Seit vielen Monaten schon steht die Ortschaft zwischen Rohrbrunn und Obernburg Kopf. Rund einhundert Frauen, Männer und Kinder haben eine Rolle im Passionsspiel, mindestens genauso viele Helfer wirken mit beim Bühnenbau, in der Technik, beim Schminken oder den Kostümen. Letztere haben Adolf Englert und seine Frau Friederike selbst genäht – aus Stoffen, die Textilhersteller ihnen spendeten. „Uns führt das alles an Grenzen“, gibt Ina Herrmann zu, die gemeinsam mit Martin Anderl die Fäden hinter den Kulissen zusammenhält.
Rückblick auf die Wochen vor der Premiere: beinahe täglich und stundenlang proben die Akteure. Wie an diesem Samstag: Zum ersten Mal wird in der Dammbachtalhalle die komplette Handlung durchgeprobt, vor fertiger Kulisse und in Kostümen.
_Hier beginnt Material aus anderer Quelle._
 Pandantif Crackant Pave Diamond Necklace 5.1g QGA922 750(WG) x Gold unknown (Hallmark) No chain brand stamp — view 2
Das verlangt von allen Beteiligten Disziplin und Geduld. Beides sind Eigenschaften, die Regisseurin Waltraud Amrhein in sich vereint. Ruhig und aufmerksam sitzt die Krankenschwester auf ihrem Regiestuhl, beobachtet, unterbricht, gibt Anweisungen. Ihr zur Seite stehen Tanja Adam und Paul Kroth, der heuer erstmals den Jesus darstellt, nach drei Spielzeiten als Judas. „Die Rolle ist eine Herausforderung“, meint der gelernte Maler. Das bestätigt auch Michael Lattus, der ebenfalls den Heiland spielt. Alle Hauptrollen hat Waltraud Amrhein doppelt besetzt, um die Darsteller zu entlasten – und auf Nummer sicher zu gehen.
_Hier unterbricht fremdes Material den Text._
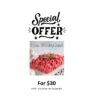 Pick 3 for $30/Offer #1: Three Packs of Ground Beef, 1 lb. packages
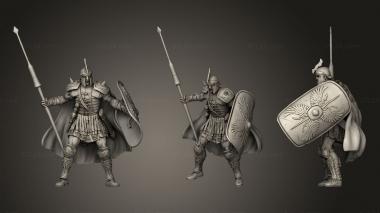 Military figurines Modius 3d model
Michael Lattus, im normalen Leben Erzieher, stammt aus Dammbach, lebt aber mit seiner Familie in Bonn. Er kommt jedes Wochenende in die alte Heimat, für die Proben und Aufführungen. „Die Rolle hat mich in vielen Dingen verändert“, sagt Lattus. Er wolle die zutiefst menschliche Seite Jesu herausstellen und nicht den abgehobenen Heiligen spielen. Auch äußerliche Veränderungen sind den Rollen geschuldet: wie fast alle männlichen Darsteller hat sich der Erzieher seit zwei Jahren Haare und Bart wachsen lassen.
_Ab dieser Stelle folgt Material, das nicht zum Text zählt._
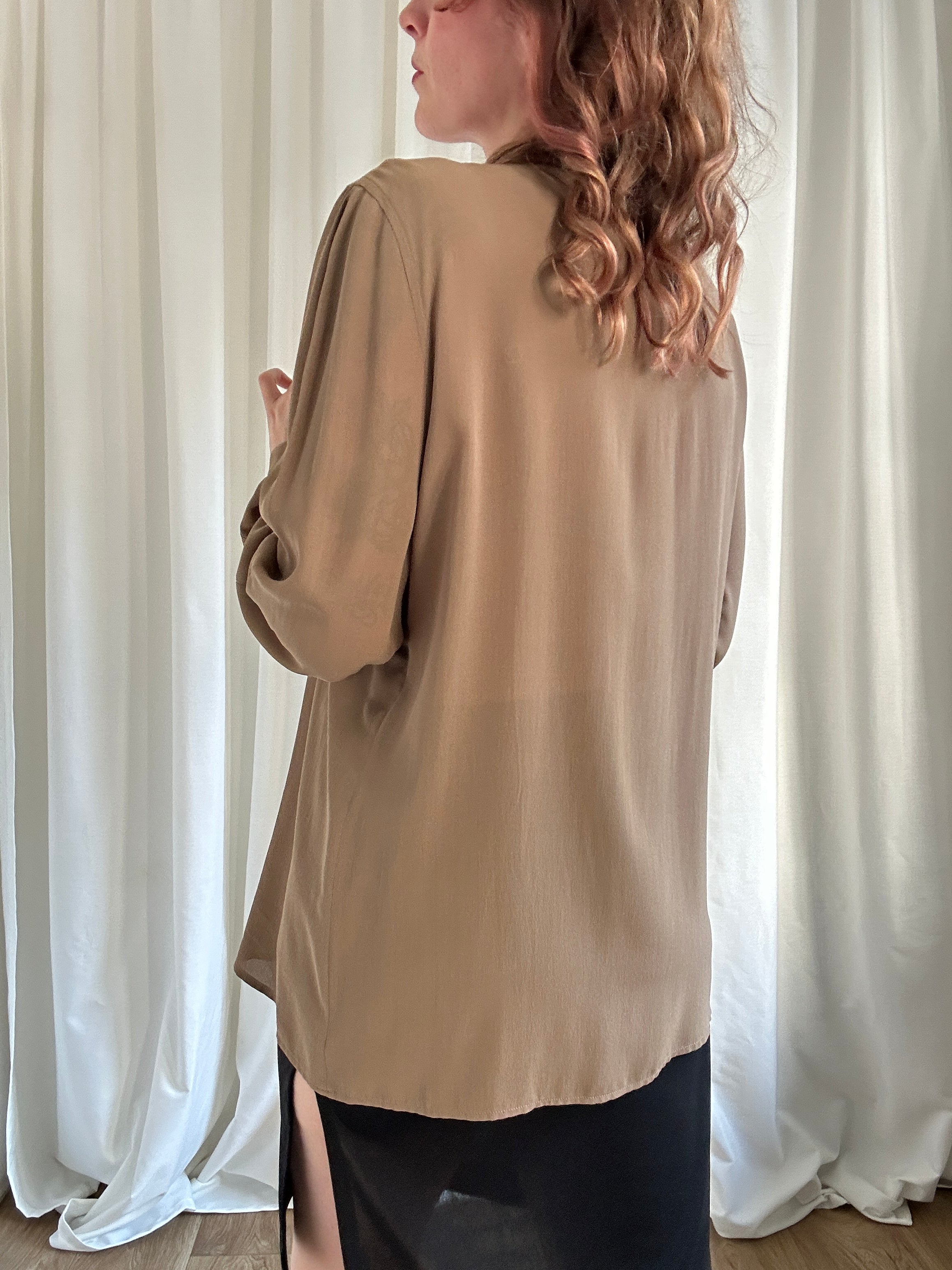 Armani kiwi silk shirt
Ob sich Alfred Krott hätte träumen lassen, dass die Passionsspiele in seinem Heimatort über Jahrzehnte hinweg zum Publikumsmagneten würden? Krott hatte Ende der neunziger Jahre ein Passions-Drehbuch geschrieben, dem Pfarrgemeinderat vorgelegt – und dort Gehör gefunden. Im Jahr 2000 begannen die Proben, 2001 war Uraufführung. Alle fünf Jahre finden die Vorstellungen seitdem statt. „Für einen einfachen Mann wie mich ist das ein Traum“, sagt der gelernte Schlosser bescheiden. In den ersten drei Spielzeiten verkörperte er selbst den Christus, heuer steht der Rentner als Petrus auf der Bühne, abwechselnd mit Herbert Hirsch, dem mit 75 Jahren ältesten Schauspieler. Der jüngste Mitwirkende hat gerade das Laufen gelernt.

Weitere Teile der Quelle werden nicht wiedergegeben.